Amanda Freund is the third generation to work on the family dairy and currently holds the sales and marketing reins for CowPots. 

Amanda Freund, Sales and Marketing, CowPots: “This is awesome for me, like just, to like, be able to be reminded and to have the firsthand experience in our own market garden here. That this is a parsley plant that went in the ground in June with the pot intact. We didn't score or crush it, we just put it in the ground as a full pot. And you can see there was absolutely nothing preventing the roots from growing right through that pot wall. And you can see, look at all these grubs I've got here. Hey, Mister, come here.” 
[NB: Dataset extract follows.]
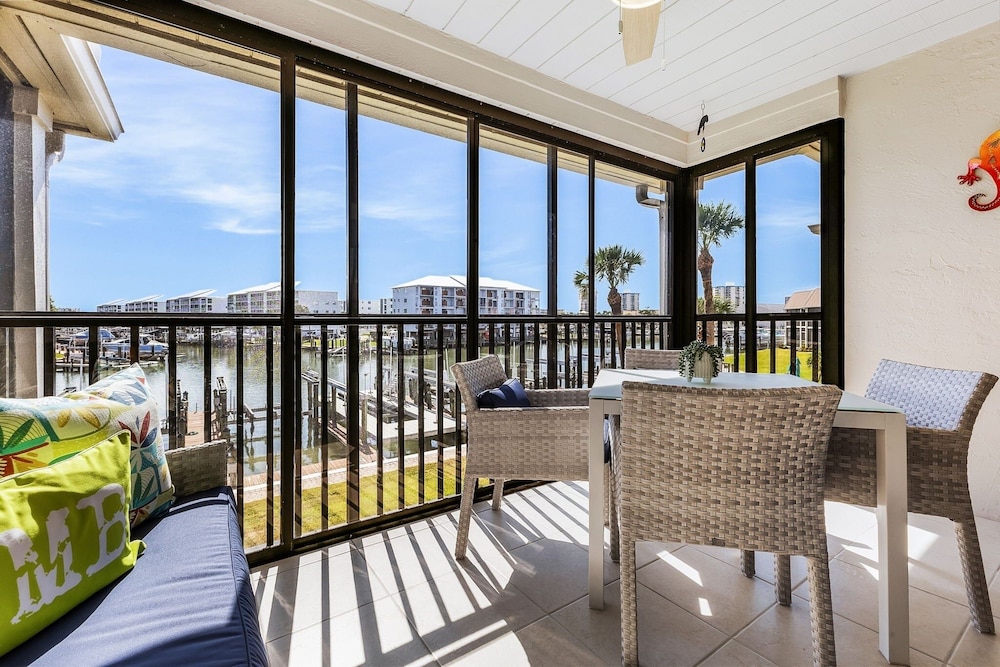 Estero Island Yacht & Racquet Club 224 1 Bedroom Condo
She also helps out at Freund’s Farm Market and Bakery, a storefront business run by her mother. Amanda notes proper land stewardship and economic opportunities are working hand in hand on the farm.

Amanda Freund, Sales and Marketing, CowPots: “Being able to generate revenue from producing CowPots, which are these biodegradable pots from our cows manure that we then get to use in our farm market garden center. And so the manure from the dairy is then formed in the cow pots at our cow pots factory and then used to grow plants for our farm market. So it's a synergy of these three businesses all being able to work together.”
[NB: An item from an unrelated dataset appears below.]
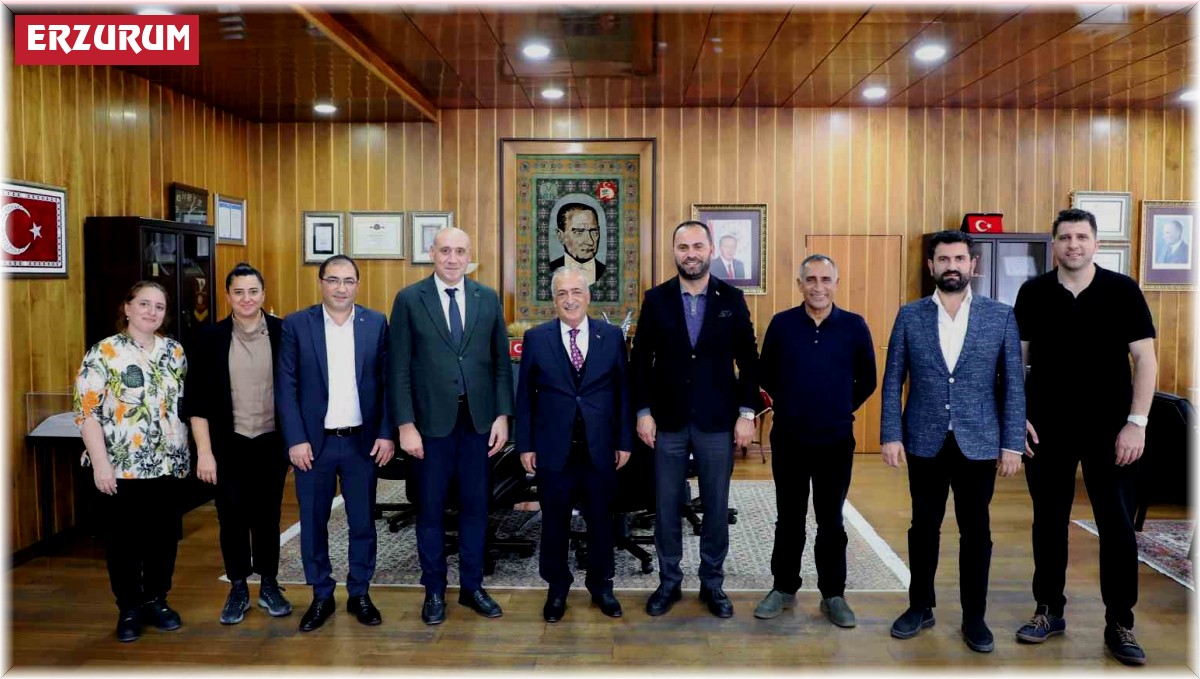 TİESF Başkanı Kerim Vural'dan Rektör Çomaklı'ya ziyaret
CowPots footprint has grown from supporting gardens in New England states, to supplying gardeners with compostable flower pots nationwide. Some of Freund’s products can be found in Des Moines, Iowa, at the city’s Downtown Farmers Market. 
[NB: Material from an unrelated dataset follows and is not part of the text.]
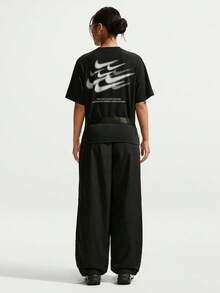 Nike 女款 AS W NSW NK CLSC BXY TEE SPD 短袖針織無領T恤 TIM6412-010 - 黑色 - 查看 5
Jana Erickson, Owner, Wit’s End Gardens: “I wanted something that disappeared…” 

Jana Erickson is owner of Wits End Gardens. Her business specializes in growing perennials for pollinators. When she started selling flowers at the Farmer’s Market in 2015, she was having a difficult time deciding how to pot her flowers.

Jana Erickson, Owner, Wit’s End Gardens: “I'm not even sure how I found cow pots, it's cow cow poop, which is like the best thing in the world for our plants. It is beyond sustainable. Um, cuz when I tell people, you know, I'm like, you know, their day job is making ice cream and cottage cheese, but their side work is, you know, pooping and, and you're never gonna run out of cow poop.”

Erickson believes the biodegradable flower pots have improved her plants, her sales, and her mission.

Jana Erickson, Owner, Wit’s End Gardens: “I'm not, I am not selling a plant just so I can sell the plant, make money. I'm selling the plant so you have a beautiful plant in your garden and the pollinators are gonna come, so therefore it has to live and grow. Right? And I, to me, that's a point of pride.” 

To carry on the tradition of maximizing potential while remaining sustainable, the Freund’s decided to sell their herd in September to a young producer looking to get started in the dairy business. Their focus is now on their storefront and CowPots production. 

Benjamin Freund, Owner, CowPots: “You know, we have a lot of farms with very mature leaders on those farms and that farm needs to get to the next, next generation in order to to keep a actually a vibrant vision on that farm. Because if you're trying to stick with people my age, you're kind of gettin’ stuck, I want to I don't say in a rut or that all people my age don't have any place to go, but the vision of someone in their 60s versus someone in their 20s is vastly different. So we’ve been searching for the right individual to kinda come in and take over the cows and we were finally successful at just the beginning of last month. And it was a very long process and I think a very good process and I think the prospects for making milk in Connecticut are brighter with these young people coming up and through.”

For Market to Market, I’m John Torpy.

Next, the Market to Market report.

Widespread rain paused harvest briefly as commodities were held in a tight trading range. The nearby wheat contract lost 22 cents while the December corn contract shed 4 cents. Meal and decent export sales kept some lift in the soy complex. The January soybean contract dropped 4 cents. December meal added $7.50 per ton. December cotton shrank $7.02 per hundredweight or 9 percent. Over in the dairy parlor, November Class III milk futures declined by 73 cents. The livestock market was mixed as December cattle added 57 cents. January feeders were even. And the December lean hog contract dropped by $3.03. In the currency markets, the U.S. Dollar index shed 128 ticks. December crude oil gained $3.32 per barrel. COMEX Gold decreased $12.20 per ounce. And the Goldman Sachs Commodity Index added almost 11 points to finish at 637-even.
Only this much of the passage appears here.